A onda conservadora não poupa ninguém! E não acho que ela seja pior na moda do que é na política, nos ataques homofóbicos, na violência doméstica, nas discussões de gênero, nas fake news. É claro que não é. Mas eu sinto que o conservadorismo na moda passa mais despercebido e consegue se infiltrar onde muitos outros preconceitos não são mais tolerados. Quantas mulheres progressistas eu já vi em discursos superconservadores quando o tema é roupa? Fazendo piada de outras pessoas, reforçando discurso racista no RH, achando brega tudo que é barato, achando chique tudo que é caro.

Não é natural roupas femininas sem bolso

As pessoas, no geral, têm mais dificuldade em perceber que "10 maneiras de disfarçar o quadril" é, sim, um conteúdo gordofóbico e que reafirma que só há uma silhueta bonita e que deve ser perseguida a qualquer custo.
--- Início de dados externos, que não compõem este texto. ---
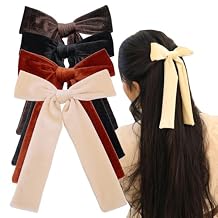 4 PCS Long Tail Velvet Bow Hair Clips for Girl Kids Baby Mom Ponytail Cheer Bows Alligator Clip Young Girls and Women Fall Winter Velvet Hair Accessories Cream/Fall/Black/Brown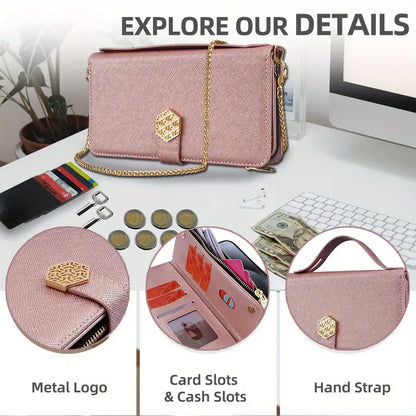 Rose Gold lPhone 16 Pro Max Hardware Chain with Zipper, Wallet, Multi Slot Phone Case
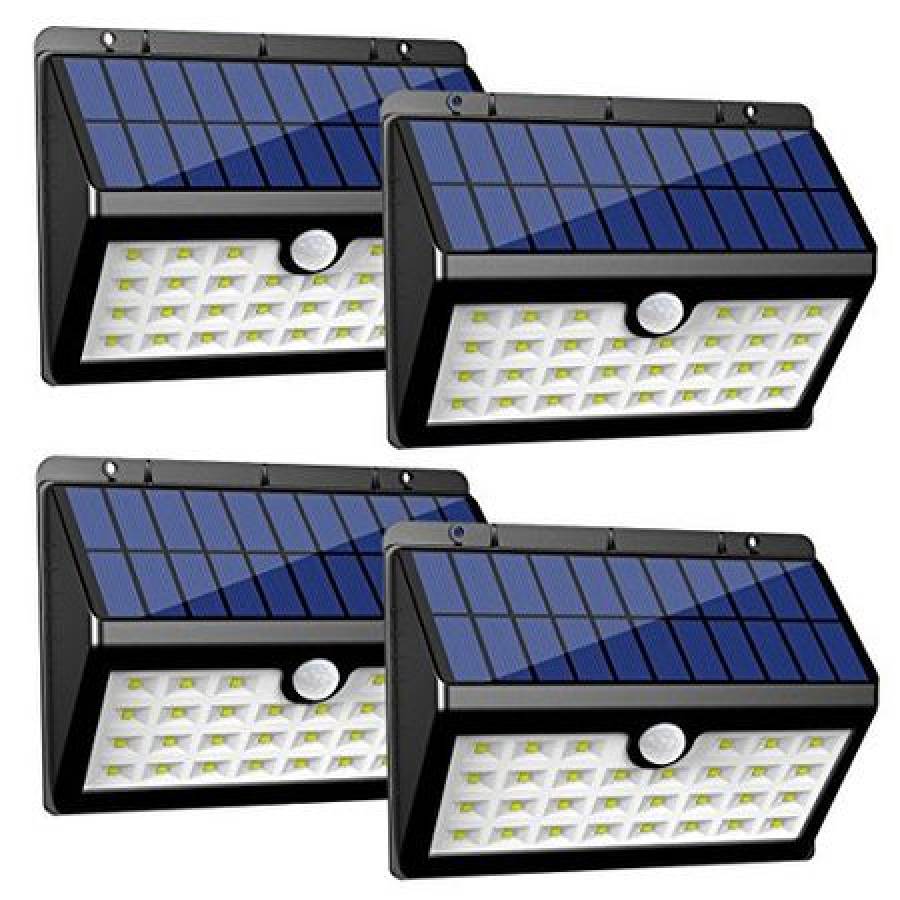 Set De 4 Lampi KlaussTech Solare De Perete Cu 20 Led-uri Puternice Si Senzor De Miscare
Até hoje brigam comigo quando digo que é importante que as pessoas possam se vestir delas mesmas: "Mas que absurdo uma pessoa ir numa festa de casamento de tênis". E ninguém se dá conta que esse é um discurso classista, que expõe, sim, uma moda que se propõe a segregar em castas. As pessoas esquecem que roupa também custa dinheiro e que a imensa maioria das brasileiras veste o que dá, o que pode, o que tem.

"Ah, mas é só roupa." Roupa é só roupa enquanto produto no cabide. Roupa no corpo é moda, estilo, goste você ou não. E moda é uma ideia, um conjunto de códigos, que mudam muito com o passar do tempo —basta pensar que já houve uma época que as mulheres eram incapazes de correr em um incêndio porque cada vestido pesava mais de 20 quilos. Isso hoje parece inconcebível, né? Mas continuamos achando natural roupas femininas sem bolso, designer de sapato feminino dizendo que conforto é cafona e uma indústria de moda inteira focada em produzir roupas só para as pessoas magras.

Não é só roupa. É uma ideia de mundo que se expressa através do que a gente veste e também através do que a gente acredita, repete, julga e consome quando falamos de roupa.